Today’s VCs are falling prey to the minefield of so-called axioms masquerading as truisms. So sticking to the ‘x for y’ or ‘a for b’ pitches is simple, believable and thus fundable. I have no issues with this framework. It helps entrepreneurs to tell a story and VCs love to fund storytellers. But it implodes when faced by disruptive innovation, which I have seen recurrently present itself as an undiscovered versus unmet need.

…So all this boils down to the apparent calcification of pattern recognition (formulaic VC?), and the departure from the two-sided risk-taking marketplace (entrepreneur AND venture capitalist) that was always a key part of early stage venture. A fulltime dependency on pattern-matching when unaccompanied by thesis formation means that you will miss the big winners. As the venerable Tom Perkins declared, ‘If there’s no risk, you’ve already missed the boat.’

And he goes on to quote Elon Musk:

“I think it’s important to reason from first principles rather than by analogy…The normal way we conduct our lives is we reason by analogy…

We are doing this because it’s like something else that was done..or it is like what other people are doing…slight iterations on a theme…

“First principles” is a physics way of looking at the world…what that really means is that you boil things down to the most fundamental truths…and then reason up from there…that takes a lot more mental energy…

Someone could –and people do — say battery packs are really expensive and that’s just the way they will always be because that’s the way they have been in the past…”

Now perhaps by endorsing this view I myself am suffering from confirmation bias, after all, the DNA of Anthemis Group is entirely thesis-driven (both in the businesses we support with capital and in how we’ve organised Anthemis and our approach.) Although it is too early for me to definitively say our thesis is proven. That said (self-awareness!), this framework is the same one that informed my biggest previous (investment) successes – Betfair, Markit, Weatherbill, Zoopla – that have vastly outweighed the ones that didn’t work out. (Interestingly, one example of a poor investment I’ve made was in a company called GnuTrade. And although GnuTrade didn’t succeed, a company formed at almost the same time with the same vision called eToro[4] has succeeded spectacularly. Thesis confirmed, backed the wrong horse.)
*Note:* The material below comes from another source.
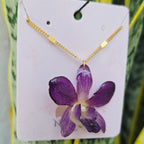 Orquídea Dendrobium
So my “call to action” is that anyone reading this who has responsibility for making investment and capital allocation decisions fights harder against their biases to simply follow the path of least resistance – the crowd – and to develop and embrace real conviction, arising from a robust cognitive framework, and to act on this. Even if only at the margins. Let’s move the needle. We owe it to our children to try.


[1] I was somewhat surprised that I couldn’t find any research that had been published on this topic that might prove/disprove this correlation…
[2] Some venture-backed companies can also fall into this trap…
[3] I believe that opportunity and risk are like fundamental particles that only exist in the universe in pairs, two different sides of the same coin so to speak.